- **Try it**
Could you set down the listing below exactly, leaving out its pictures?

- **Raw data**
::::::::::

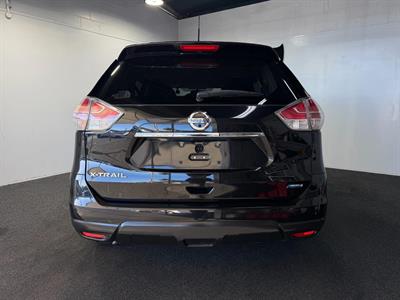 2014 Nissan XTRAIL - Thumbnail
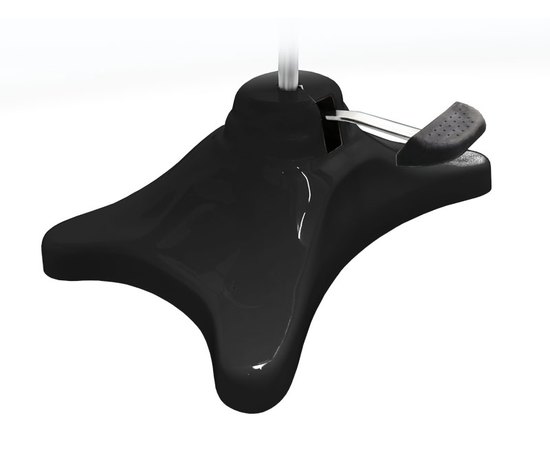 Педикюрное кресло-кушетка B.S. Ukraine 234-1, изображение 9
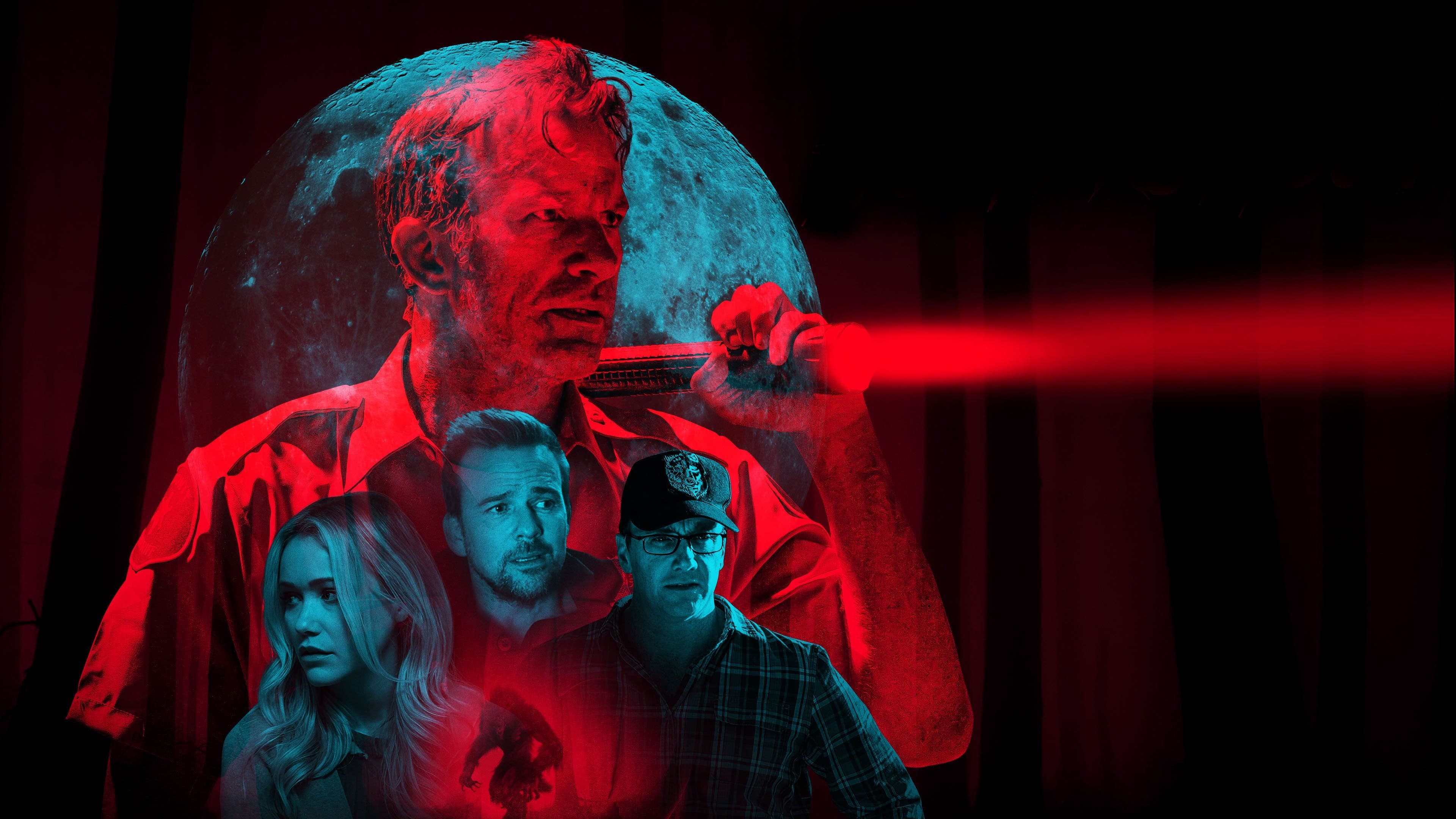 Hunter's Moon backdrop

::::::::::

- **Written reply**
 2014 Nissan XTRAIL - Thumbnail
 Педикюрное кресло-кушетка B.S. Ukraine 234-1, изображение 9
 Hunter's Moon backdrop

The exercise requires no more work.